Please set down the data word for word; images do not go in the copy.
-------- DATA
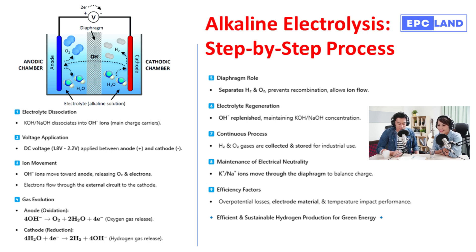Welcome to the Deep Dive. Today, we're going to be taking a deep dive into the world of green hydrogen production, specifically a process called alkaline electrolysis. Our guide for this deep dive is a document called 'Alkaline Electrolysis: A Step-by-Step Process Guide.' Get ready to see how we can essentially zap water into a clean energy source.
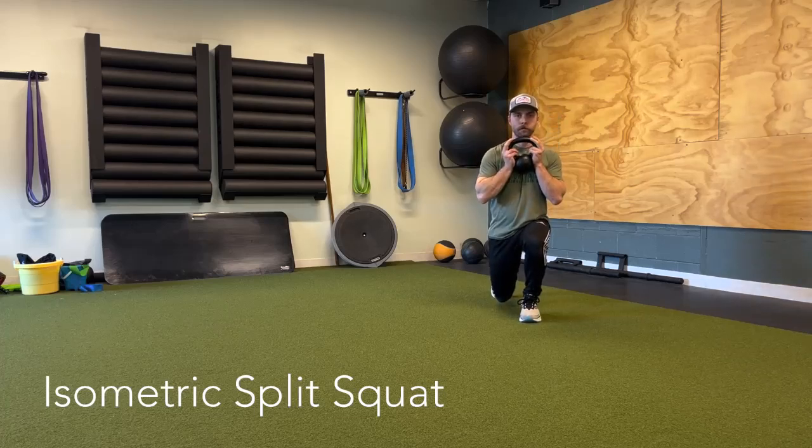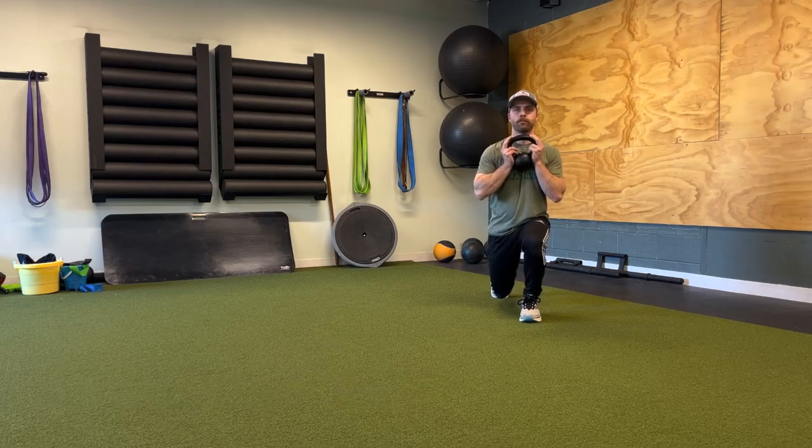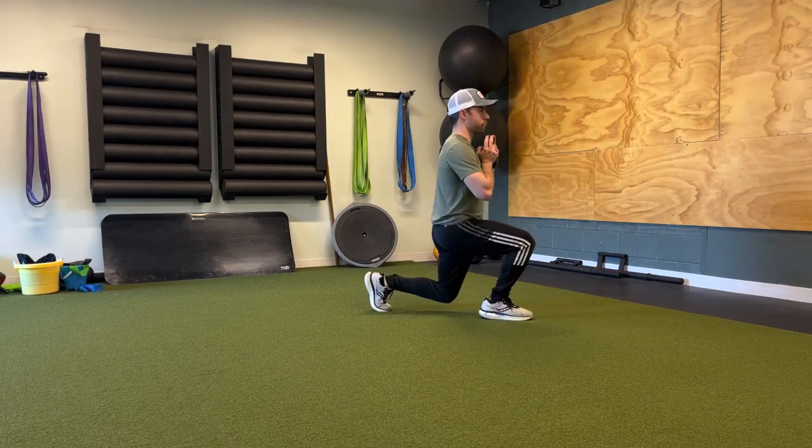Alright, so for the isometric split squat, we are going to start by staggering one foot back. We want about 90% of our weight over our front heel. From here, we're going to slowly lower our rear knee about three inches off the floor. We want to pause with our front thigh roughly parallel to the floor.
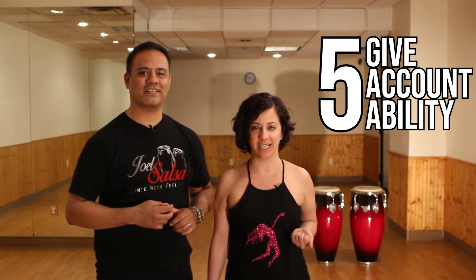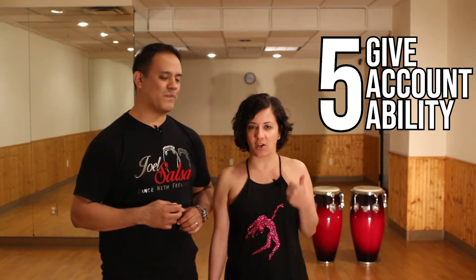Moving on to our last tip, which is tip number five: give yourself some accountability. We always feel the need to do something when we take on accountability. My suggestion is, when you start class, there's always room for practice. Maybe you tell somebody in the class — whether it be the friend you brought or somebody new — you will make a lot of friends in the salsa community. Maybe get a little group together and book a room to practice.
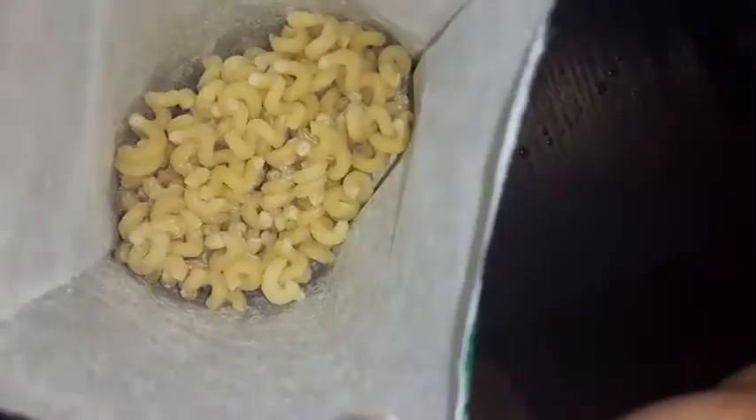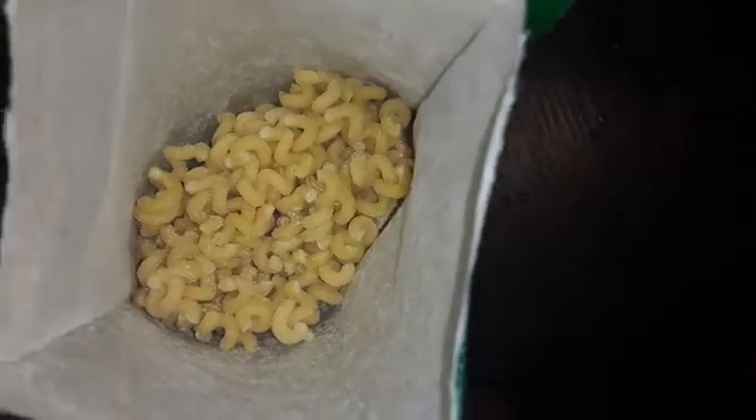I'm warming up some water right now. Let's see what it looks like inside — you gotta make the water warm first so you can throw it inside. This is what it looks like inside. We're gonna throw it in there maybe in like five minutes or so.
----------------
▸ **COMPLETED EXERCISE**
Welcome to the Deep Dive. Today, we're going to be taking a deep dive into the world of green hydrogen production, specifically a process called alkaline electrolysis. Our guide for this deep dive is a document called 'Alkaline Electrolysis: A Step-by-Step Process Guide.' Get ready to see how we can essentially zap water into a clean energy source.
Alright, so for the isometric split squat, we are going to start by staggering one foot back. We want about 90% of our weight over our front heel. From here, we're going to slowly lower our rear knee about three inches off the floor. We want to pause with our front thigh roughly parallel to the floor.
Moving on to our last tip, which is tip number five: give yourself some accountability. We always feel the need to do something when we take on accountability. My suggestion is, when you start class, there's always room for practice. Maybe you tell somebody in the class — whether it be the friend you brought or somebody new — you will make a lot of friends in the salsa community. Maybe get a little group together and book a room to practice.
I'm warming up some water right now. Let's see what it looks like inside — you gotta make the water warm first so you can throw it inside. This is what it looks like inside. We're gonna throw it in there maybe in like five minutes or so.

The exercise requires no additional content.